From the top of the entries below through the line containing "Durite de radiateur SASIC 3406077", return every line exactly as written, please, and stop there.

(Material for the task Opens)

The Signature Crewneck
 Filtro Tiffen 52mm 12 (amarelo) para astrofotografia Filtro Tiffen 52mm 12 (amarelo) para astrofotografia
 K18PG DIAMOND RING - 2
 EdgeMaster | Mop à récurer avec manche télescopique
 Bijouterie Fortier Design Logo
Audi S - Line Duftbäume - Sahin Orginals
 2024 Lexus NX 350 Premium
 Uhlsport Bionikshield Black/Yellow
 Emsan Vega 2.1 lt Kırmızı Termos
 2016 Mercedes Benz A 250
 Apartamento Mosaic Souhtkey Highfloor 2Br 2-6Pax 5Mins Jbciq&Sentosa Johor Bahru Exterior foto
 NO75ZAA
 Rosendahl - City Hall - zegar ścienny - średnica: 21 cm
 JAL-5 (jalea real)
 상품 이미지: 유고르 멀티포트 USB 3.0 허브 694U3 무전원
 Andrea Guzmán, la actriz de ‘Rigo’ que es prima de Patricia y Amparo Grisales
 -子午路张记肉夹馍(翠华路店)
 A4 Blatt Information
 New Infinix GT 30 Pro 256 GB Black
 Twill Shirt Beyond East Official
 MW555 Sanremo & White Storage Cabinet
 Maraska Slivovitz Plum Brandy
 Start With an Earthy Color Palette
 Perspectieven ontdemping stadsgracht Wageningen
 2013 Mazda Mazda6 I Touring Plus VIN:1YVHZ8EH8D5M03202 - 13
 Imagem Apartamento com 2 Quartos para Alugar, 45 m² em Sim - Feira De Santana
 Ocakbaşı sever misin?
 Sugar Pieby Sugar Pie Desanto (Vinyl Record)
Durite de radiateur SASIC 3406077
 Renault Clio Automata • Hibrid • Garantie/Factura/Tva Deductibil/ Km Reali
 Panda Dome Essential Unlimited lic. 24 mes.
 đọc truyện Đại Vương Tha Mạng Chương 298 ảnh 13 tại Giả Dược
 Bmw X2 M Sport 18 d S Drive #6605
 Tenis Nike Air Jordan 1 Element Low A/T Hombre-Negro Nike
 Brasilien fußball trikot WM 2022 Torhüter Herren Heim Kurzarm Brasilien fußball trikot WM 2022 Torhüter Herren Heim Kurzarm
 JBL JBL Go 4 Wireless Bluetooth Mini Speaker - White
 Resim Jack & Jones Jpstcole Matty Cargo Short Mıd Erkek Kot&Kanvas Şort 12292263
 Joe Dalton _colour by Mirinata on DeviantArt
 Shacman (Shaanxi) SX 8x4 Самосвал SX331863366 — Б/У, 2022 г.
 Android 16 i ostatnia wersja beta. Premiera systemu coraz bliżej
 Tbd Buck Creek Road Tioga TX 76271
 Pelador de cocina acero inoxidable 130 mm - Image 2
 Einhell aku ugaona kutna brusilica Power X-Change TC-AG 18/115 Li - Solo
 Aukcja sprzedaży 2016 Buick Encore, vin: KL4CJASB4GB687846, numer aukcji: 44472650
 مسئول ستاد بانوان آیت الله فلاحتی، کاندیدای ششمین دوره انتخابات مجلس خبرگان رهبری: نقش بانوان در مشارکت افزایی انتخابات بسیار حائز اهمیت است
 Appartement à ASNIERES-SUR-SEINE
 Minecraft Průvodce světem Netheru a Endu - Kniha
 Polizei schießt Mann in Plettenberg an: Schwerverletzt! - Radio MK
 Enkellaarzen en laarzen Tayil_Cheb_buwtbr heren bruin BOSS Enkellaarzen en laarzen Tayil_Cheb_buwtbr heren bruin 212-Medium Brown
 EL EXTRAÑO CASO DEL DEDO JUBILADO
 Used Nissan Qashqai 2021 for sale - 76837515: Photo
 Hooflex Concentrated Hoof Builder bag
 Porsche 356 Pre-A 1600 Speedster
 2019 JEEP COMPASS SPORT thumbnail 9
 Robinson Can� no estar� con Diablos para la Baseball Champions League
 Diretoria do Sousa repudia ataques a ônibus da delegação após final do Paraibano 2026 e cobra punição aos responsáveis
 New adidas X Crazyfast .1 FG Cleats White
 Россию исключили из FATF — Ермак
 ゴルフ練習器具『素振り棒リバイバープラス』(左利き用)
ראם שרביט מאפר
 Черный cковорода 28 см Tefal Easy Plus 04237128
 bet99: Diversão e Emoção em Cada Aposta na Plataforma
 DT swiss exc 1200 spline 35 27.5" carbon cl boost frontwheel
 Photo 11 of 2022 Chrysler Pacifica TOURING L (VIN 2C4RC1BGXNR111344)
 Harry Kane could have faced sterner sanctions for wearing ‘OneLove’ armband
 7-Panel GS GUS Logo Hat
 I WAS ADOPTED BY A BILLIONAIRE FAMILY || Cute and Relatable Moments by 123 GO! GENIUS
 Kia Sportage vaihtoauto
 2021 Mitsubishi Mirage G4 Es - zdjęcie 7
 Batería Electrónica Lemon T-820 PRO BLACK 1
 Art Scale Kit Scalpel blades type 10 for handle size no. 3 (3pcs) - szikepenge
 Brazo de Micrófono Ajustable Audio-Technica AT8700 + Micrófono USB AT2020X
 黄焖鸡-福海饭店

(Material for the task Closes)

**Final answer:**
The Signature Crewneck
 Filtro Tiffen 52mm 12 (amarelo) para astrofotografia Filtro Tiffen 52mm 12 (amarelo) para astrofotografia
 K18PG DIAMOND RING - 2
 EdgeMaster | Mop à récurer avec manche télescopique
 Bijouterie Fortier Design Logo
Audi S - Line Duftbäume - Sahin Orginals
 2024 Lexus NX 350 Premium
 Uhlsport Bionikshield Black/Yellow
 Emsan Vega 2.1 lt Kırmızı Termos
 2016 Mercedes Benz A 250
 Apartamento Mosaic Souhtkey Highfloor 2Br 2-6Pax 5Mins Jbciq&Sentosa Johor Bahru Exterior foto
 NO75ZAA
 Rosendahl - City Hall - zegar ścienny - średnica: 21 cm
 JAL-5 (jalea real)
 상품 이미지: 유고르 멀티포트 USB 3.0 허브 694U3 무전원
 Andrea Guzmán, la actriz de ‘Rigo’ que es prima de Patricia y Amparo Grisales
 -子午路张记肉夹馍(翠华路店)
 A4 Blatt Information
 New Infinix GT 30 Pro 256 GB Black
 Twill Shirt Beyond East Official
 MW555 Sanremo & White Storage Cabinet
 Maraska Slivovitz Plum Brandy
 Start With an Earthy Color Palette
 Perspectieven ontdemping stadsgracht Wageningen
 2013 Mazda Mazda6 I Touring Plus VIN:1YVHZ8EH8D5M03202 - 13
 Imagem Apartamento com 2 Quartos para Alugar, 45 m² em Sim - Feira De Santana
 Ocakbaşı sever misin?
 Sugar Pieby Sugar Pie Desanto (Vinyl Record)
Durite de radiateur SASIC 3406077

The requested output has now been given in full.